Explorez la thérapie de l’alimentation intuitive

Votre rapport à l’alimentation et à votre corps à l’âge de 4, 5 ou 6 ans était-il le même qu’aujourd’hui? Probablement pas! Le bébé et le petit-enfant ont une capacité naturelle, intuitive à réguler leur alimentation. Mais au fur et à mesure du temps, notre exposition aux standards de beauté véhiculés par les médias augmente.  Les messages véhiculés par la culture des régimes, ainsi que les contraintes quotidiennes (repas à heures fixes, nombres de repas  par jour socialement admis), nous éloignent de ces habiletés naturelles à entendre et répondre aux besoins de notre corps.

 

La thérapie de l’alimentation intuitive ne propose pas de nouvelles règles à suivre, ni un nouveau régime. Elle invite justement à s’en distancier, en vous engageant dans une réflexion concernant votre rapport à vous-même, à votre corps, à l’alimentation et à l’activité physique. Elle encourage la réflexion autour de 10 principes. Pour plus d’informations à ce propos, je vous invite à lire la page de mon blog qui explique chaque principe en détail, en cliquant ici. Ainsi, au cours d’une thérapie en alimentation intuitive, vous apprenez à vous reconnecter à ces signaux internes de faim, de satiété et de satisfaction.  Vous apprenez à honorer non seulement votre faim physique, mais également vos envies. Cela implique aussi un travail d’auto-compassion important. Vous apprenez peu à peu à vous (re)faire confiance, et à (re)faire confiance à votre corps . 

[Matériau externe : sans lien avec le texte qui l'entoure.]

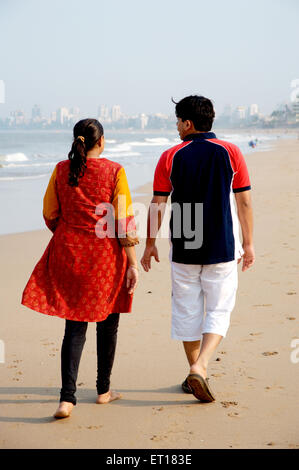Indian Young Couple walking on Beach MR#736J MR#736K Stock Photo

Cet article avait pour but d’ouvrir une réflexion sur la relation entre la perte de poids et le bonheur, et d’encourager une approche plus holistique de la santé et du bien-être émotionnel. Si vous ressentez le besoin de soutien pour développer une relation saine avec la nourriture et votre corps, n’hésitez pas à contacter un.e professionnel.le de santé mentale formée à ces questions pour vous aider dans ce cheminement.